L’idea, spiega l’autrice nel pressbook si basa sull’osservazione di una politica attuale incapace di cogliere i bisogni, e sempre più distante da essi da ogni parte. La sindaca (Beart) inventa il giorno della Brioche – citazione di Marie Antoinette – e scuole multilinguistiche e però non riesce a tenere sotto controllo la speculazione… Balibar si affida al movimento degli attori, lei per prima, una serie balletti buffi, di coreografie, all’umorismo e alla comicità.

IN «DOUZE MILLE» la storia è quella di un uomo e una donna nella Francia (Europa) di adesso, pochi soldi, disoccupazione, una vita stretta in una stanza dove anche i respiri non hanno privacy e per fare l’amore i due devono mandare gli altri a fare una passeggiata. Lei lavora, paga bassa, dodicimila euro per un anno, lui ha solo lavoretti illegali: lo scoprono e finiscono anche con minacce. Cosa fare? Come arrivare a prendere almeno quanto lei perché la loro storia non finisca?

In questo paesaggio del presente rispetto a quanto potrebbe accadere in un film di Ken Loach – il più ostinato narratore della crisi occidentale – la regista cresciuta alla «scuola» di Claire Simon – con cui ha lavorato in Ça brule (2006) e Les bureaux de Dieu (2008)– utilizza la sua esperienza da documentarista (Casse, 2013; Bleu Petrole, 2012) per infondere realtà nella sua storia e insieme scommette su direzioni impreviste.

Al centro mette la relazione tra i due protagonisti che certo il precariato condiziona nel movimento esistenziale ma quell’erotismo intenso, bruciante, quasi uno stare al mondo in esclusiva nel desiderio reciproco – con una magnifica scena d’amore che su schermo è una rarità – diviene il punto di partenza con cui infondere fisicità al racconto.

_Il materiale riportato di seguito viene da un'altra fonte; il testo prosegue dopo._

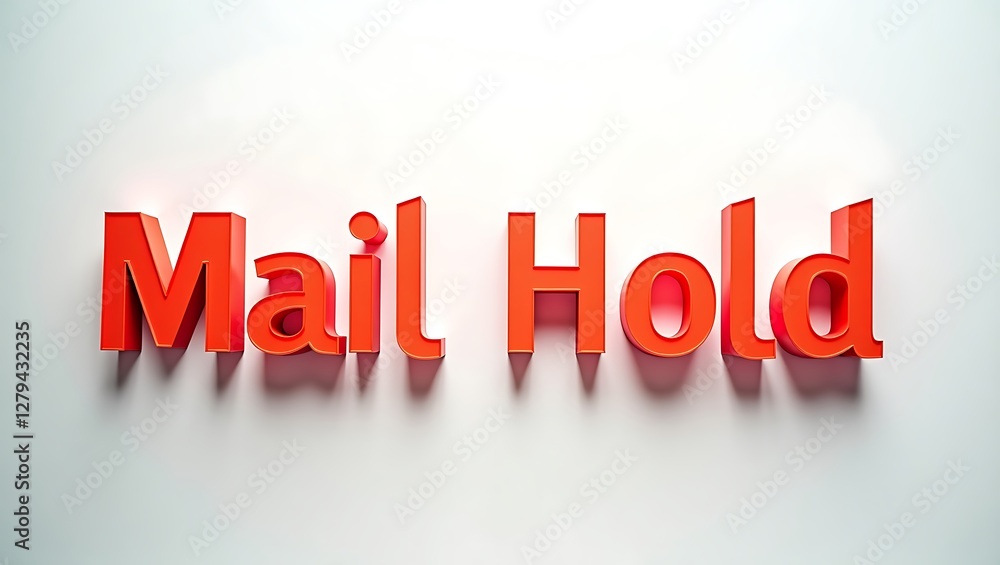 Bright red lettering spelling out mail hold against a white background Bright red lettering spelling out mail hold against a white background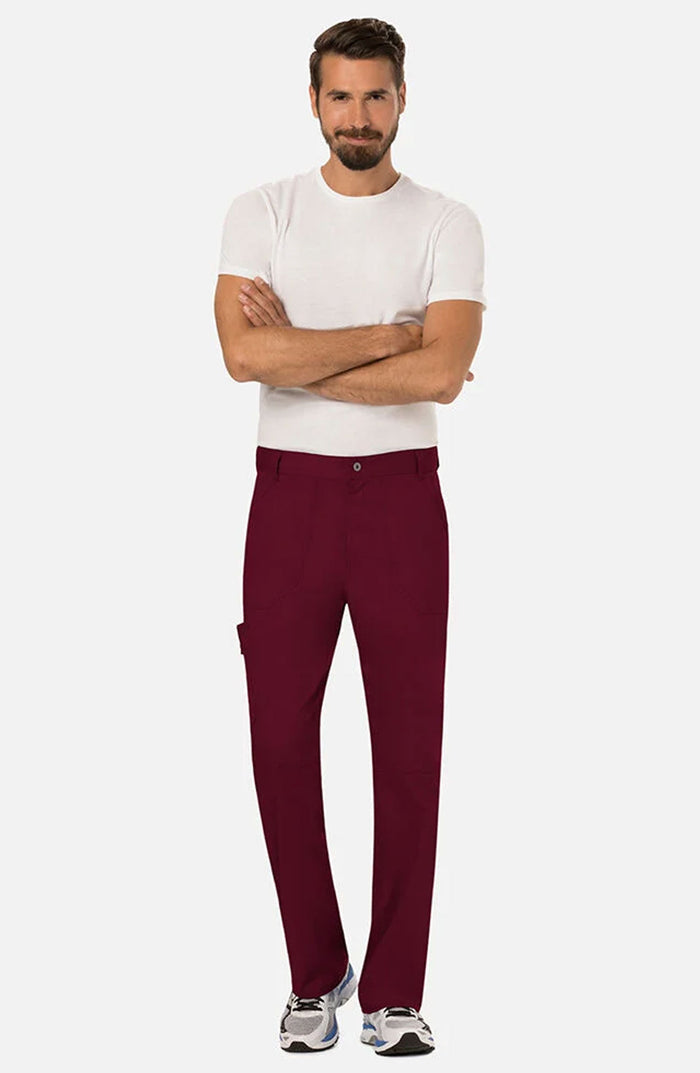 Men's Scrub Pants Cargo Wine Burgundy Cherokee Workwear Revolution MDF Instruments WW140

Anche quella di Trebal è un’immagine in cui la grana della messinscena è quella di corpi nello spazio, smarriti, in conflitto, stridenti, operai sottoposti al ricatto delle agenzie interinali laddove la solidarietà di classe nessuno la ricorda più, in una violenza resa più forte dalla costruzione (tutta politica) di ipotetici nemici, di instabilità e economie sempre più divise: alto/basso. Più viscerale, più sensuale, più messa a nudo.

RIMANE la possibilità di un incontro, qualcuno che ancora guarda, qualcuno con cui condividere un po’ di vita, in una dimensione orizzontale in cui denaro, sfruttamento, dominati e dominanti si mischiano senza più limiti. I due provano a spostare il proprio centro altrove, in quella libertà surreale che ancora una volta sono i gesti, strane danze, passi asimmetrici di un musical obliquo a dichiarare. E nella «linea» francese di film sull’oggi Trebal inventa una sua personalissima forma, in cui il nostro tempo si rivela e insieme si fa cinema.